History

United Kingdom
- Name: Neptune
- Owner: Initially: Hook & Co.; 1819: Boehm & Co.; 1820: Davidson & Co.; 1827: John Altham Cumberledge; 1837: Thacker & Co., London; 1839: Mangles & Co., London; 1847: Gray & Co., London; 1848: J. & F. Somes, London; 1853: F.W. Green, London;
- Builder: Kyd & Co., Kidderpore, Calcutta
- Laid down: 1814
- Launched: 12 April 1815
- Fate: Sold for use as a hulk in 1860

General characteristics
- Tons burthen: 513, or 537, or 540, or 555, or 643, or 644, or 64422⁄94 (bm)
- Length: 118 ft 9 in (36.2 m)
- Beam: 32 ft 8 in (10.0 m)
- Propulsion: Sail

= Neptune (1815 ship) =

Neptune was a merchant ship built at Calcutta, British India in 1815. The British East India Company (EIC) chartered Neptune for one voyage. Later, she made two voyages transporting convicts from England to Australia. During one of those voyages she was notably involved in the Convict Crisis off the Cape coast in 1849. She was sold as a hulk in 1860.

==Career==
Neptune cost 150,000 rupees to build. She first appeared in Lloyd's Register in 1816 with Innerarity, master, Hook & Co., owners, and trade London–Bengal, suggesting that she had taken on British registry and was sailing to Bengal under a license from the EIC. (The Register of Shipping showed her master's name as Inveriety.)

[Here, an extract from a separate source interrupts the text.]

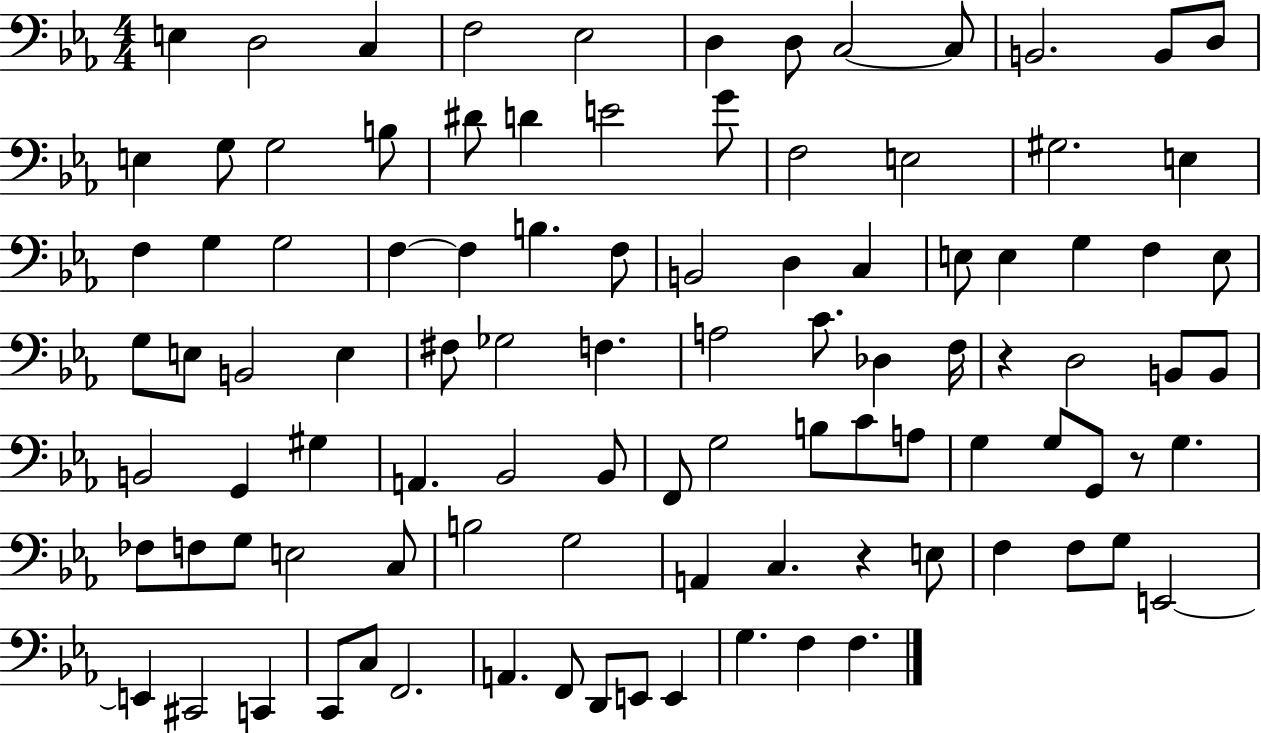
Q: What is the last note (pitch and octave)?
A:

In 1819 Neptunes master changed from Innerarity to R. Low, and her owner from Hook & Co. to Robinson. The Register of Shipping for 1820 showed Neptune with Lowe, master, Davidson & Co. owner, and trade Liverpool—Calcutta.

In December 1823 her owners sold Neptune for a "Free Trader".

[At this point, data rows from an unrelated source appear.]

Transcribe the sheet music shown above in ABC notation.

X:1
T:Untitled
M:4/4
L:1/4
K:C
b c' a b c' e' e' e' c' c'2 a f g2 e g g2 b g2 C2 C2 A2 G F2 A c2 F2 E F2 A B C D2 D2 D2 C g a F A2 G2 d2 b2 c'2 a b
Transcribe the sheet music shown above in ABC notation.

On her one voyage for the EIC she left Portsmouth on 6 July 1827 under the command of Captain John Altham Cumberlege, Jr., bound for Bengal. She reached Bombay on 26 October, Mangalore on 15 November, Saugor on 27 December, and arrived at Calcutta on 2 January 1828. On her return voyage she passed Kedgeree on 14 February, reached Madras on 3 March and St Helena on 18 May, and arrived at the Downs on 12 July.

On her first convict voyage, under the command of William Ferris and surgeon Joseph Steret, she departed Sheerness on 7 October 1837 and arrived in Hobart on 18 January 1838. She transported 200 male convicts, three of whom died en route.

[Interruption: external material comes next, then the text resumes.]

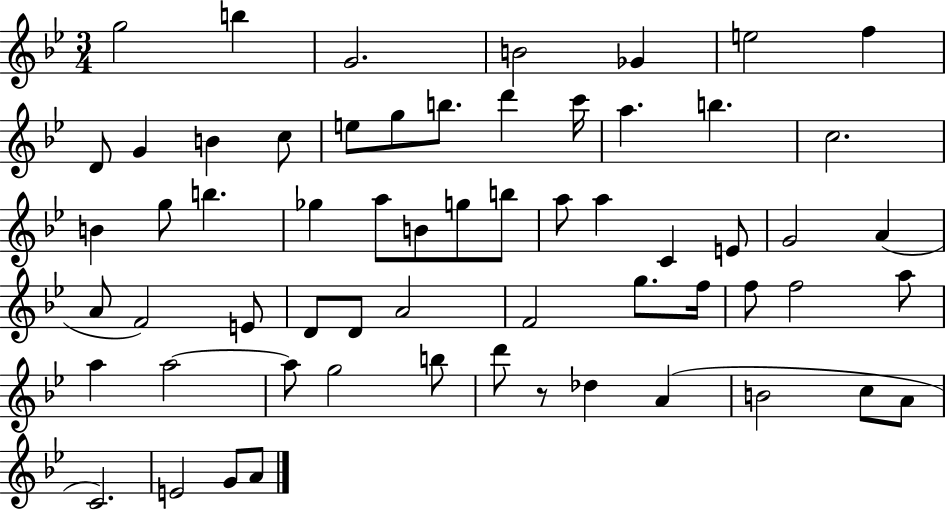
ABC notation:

Neptune sailed from Cork, Ireland, on 26 October 1843, still under the command of William Ferris, and with 308 bounty emigrants aboard. She arrived in Sydney on 11 February 1844 and was placed in quarantine for three days on arrival due to smallpox. Ten people died during the voyage.

In 1849 Neptune attempted to deliver 288 convicts to the Cape Colony to start a new penal settlement in South Africa. The free settlers already there vigorously opposed the idea and it was eventually abandoned.

On her second convict voyage, under the command of John Henderson and with surgeon Thomas Gibson, she departed England in January 1850. Calling at Bermuda colony she took on further convicts before departing for the Cape where popular feeling against the prospect of becoming a penal colony resulted in boycotting and protests, thereby preventing the landing of her convicts and she eventually arrived in Hobart on 5 April 1850. (Note: Henderson, who was born in 1795, received his second class master's certificate on 21 September 1848 at Trinity House, London. At the time he was already serving on Neptune.) She transported 300 male convicts, and disembarked 282 at Hobart.

| Year | Master | Owner | Trade | Source & notes |
|---|---|---|---|---|
| 1850 | Henderson | J&F Somes | London | LR; small repair 1848 |
| 1855 | Henderson | FW Green | London | LR; small repairs 1853 |
| 1859 | L.Fillan | FW Green | Bristol–India | LR; small repairs 1855 |

==Fate==
Neptune does not appear in the 1860 volume of Lloyd's Register. She was sold in 1860 for use as a hulk.